Problem requirements: No pictures go into the copy. Write out exactly the lines below from the one containing "cadillac-v15-1931-ambulance-denver-solido-age-d-or" through the one containing "Used 2018 Chevrolet".

Supplied records:

- - - - -

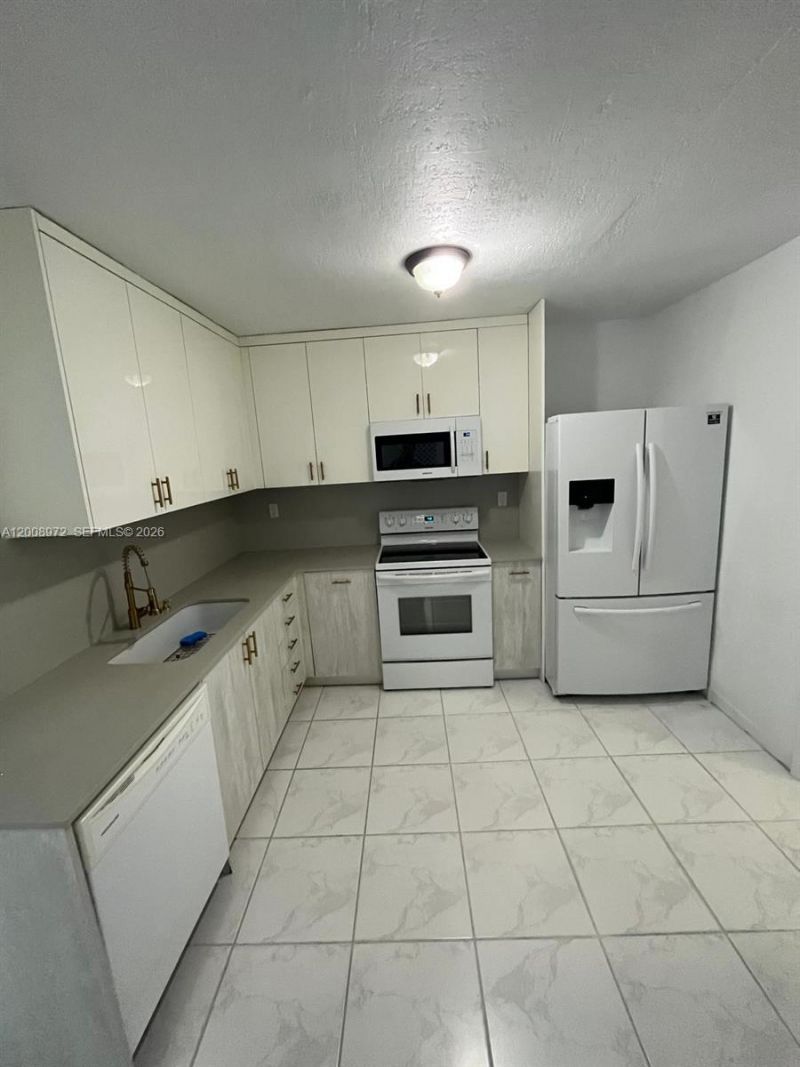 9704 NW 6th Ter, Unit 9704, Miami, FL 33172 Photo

- - - - -

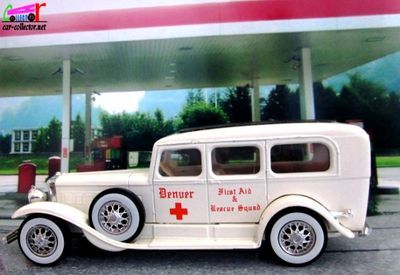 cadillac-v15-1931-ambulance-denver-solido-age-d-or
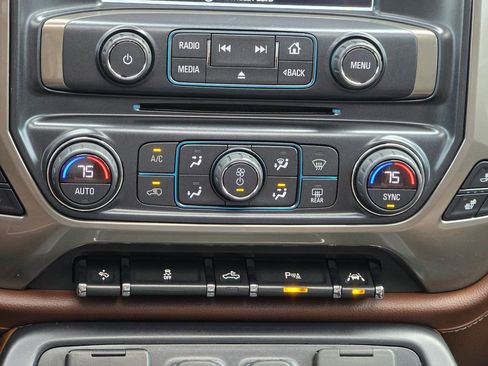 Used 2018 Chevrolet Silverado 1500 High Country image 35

- - - - -

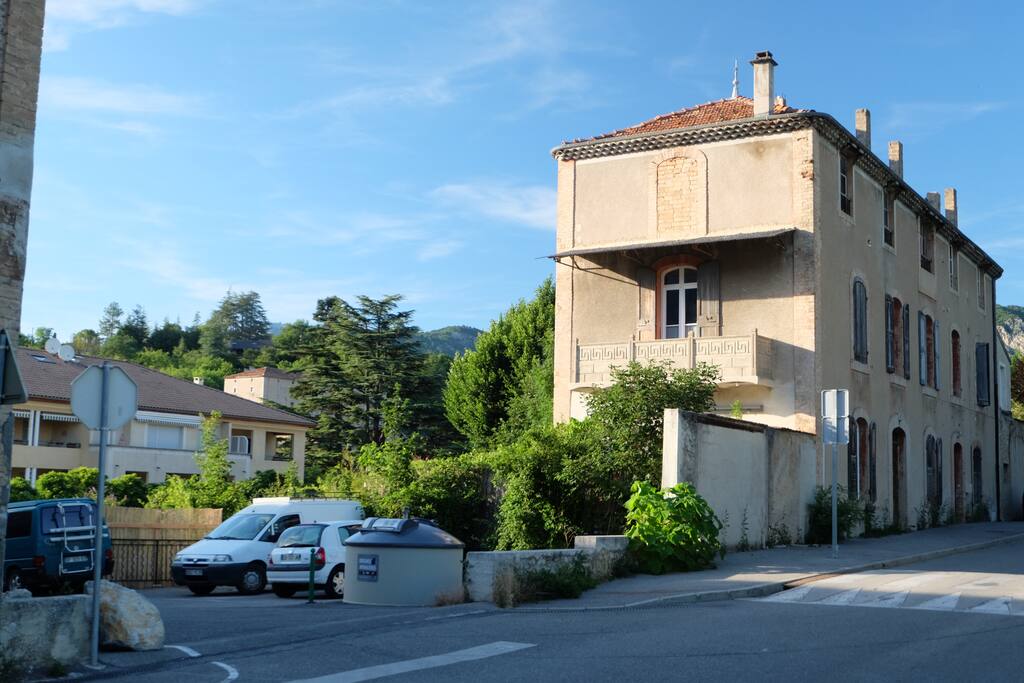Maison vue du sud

- - - - -

Solution to this exercise:
 cadillac-v15-1931-ambulance-denver-solido-age-d-or
 Used 2018 Chevrolet Silverado 1500 High Country image 35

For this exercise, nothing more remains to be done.